- **About this task**: Give back exactly the lines from the "Bolt & Screw" line to the final line of the records, and only those, minus any pictures.

- **Image-caption web data**:
********

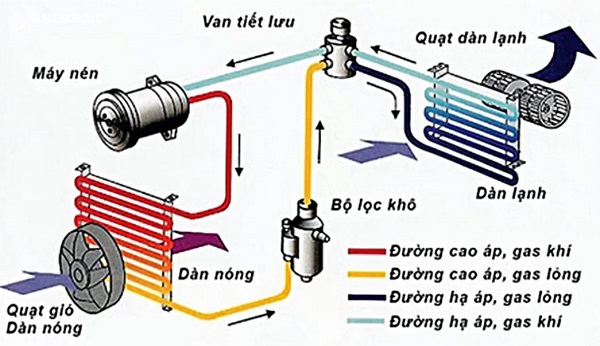 Dàn Lạnh Điều Hòa Ô Tô Và Những Lưu Ý Quan Trọng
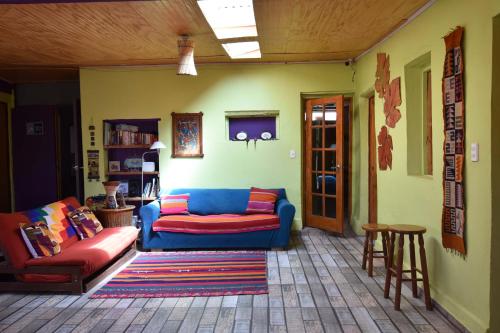 Posezení v ubytování Hostal Ayni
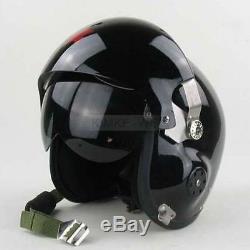 Motorcycle/Scooter helmet & Air force Jet Pilot flight helmet Black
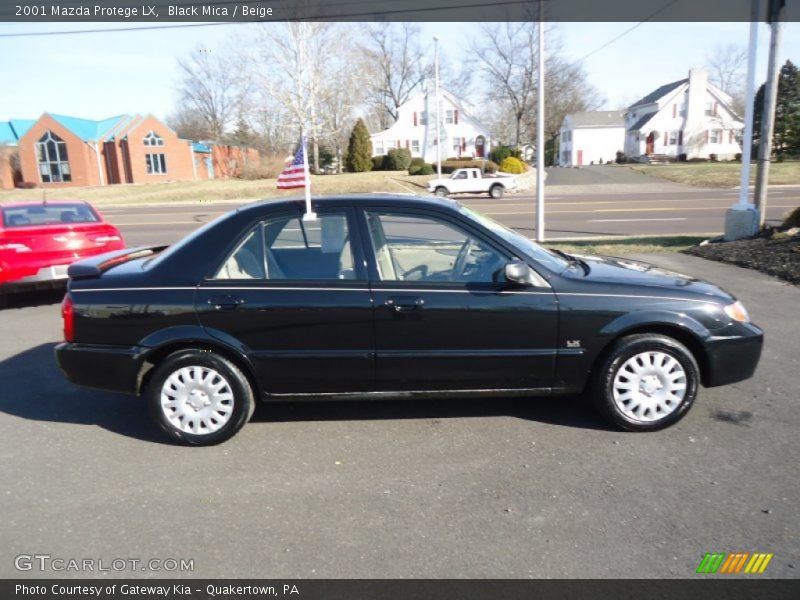 Black Mica / Beige 2001 Mazda Protege LX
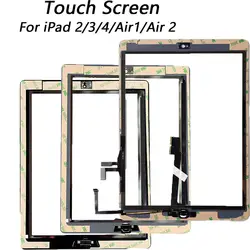 1 шт. для iPad 2/3/4 air 1st 2nd Замена Сенсорный экран планшета Стекло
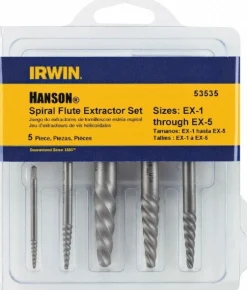 Bolt & Screw Extractor Set:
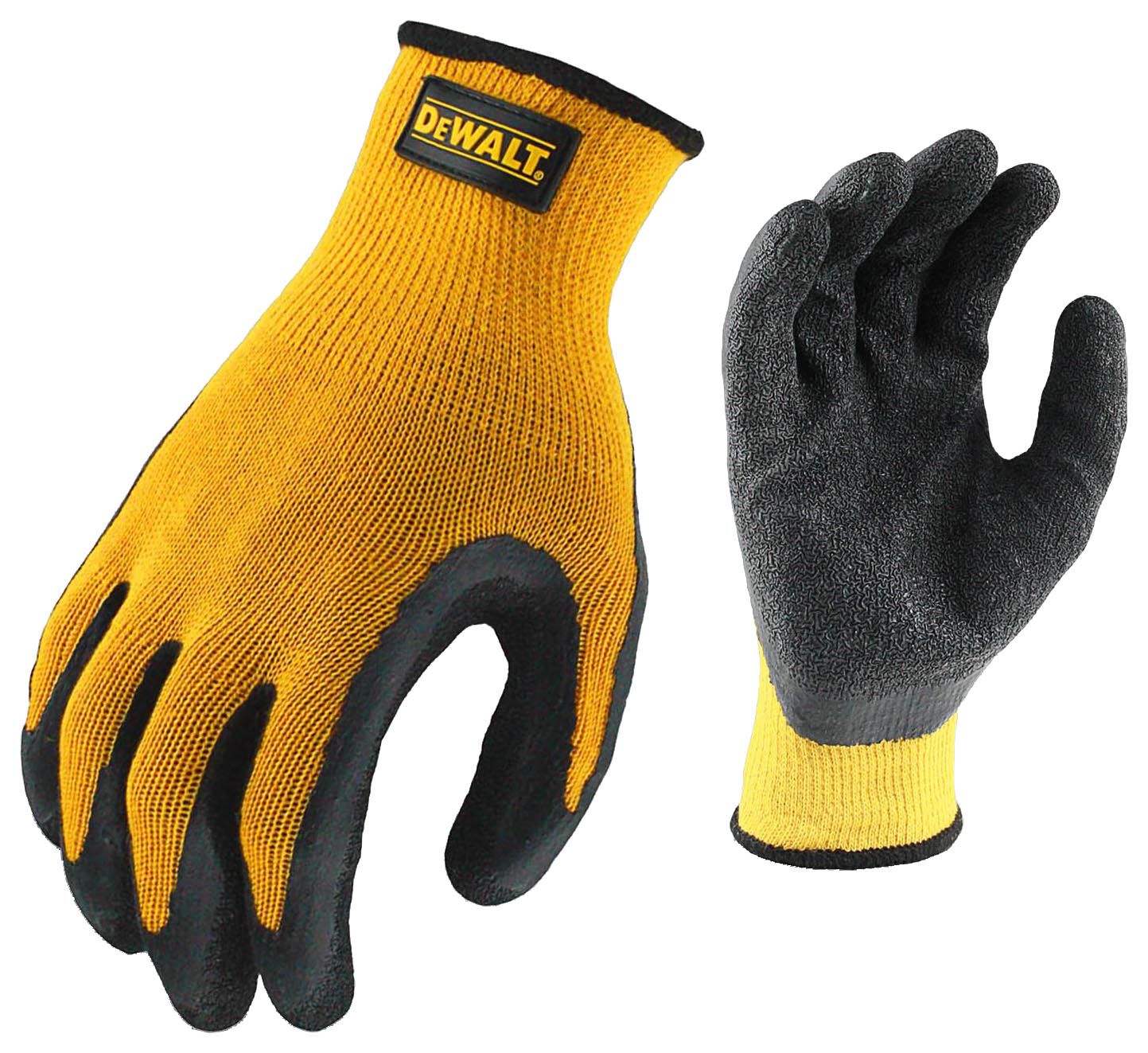 Image of DEWALT DPG70L Sandy Foam Grip Orange & Black Glove - SIze L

********

- **Task output**:
 Bolt & Screw Extractor Set:
 Image of DEWALT DPG70L Sandy Foam Grip Orange & Black Glove - SIze L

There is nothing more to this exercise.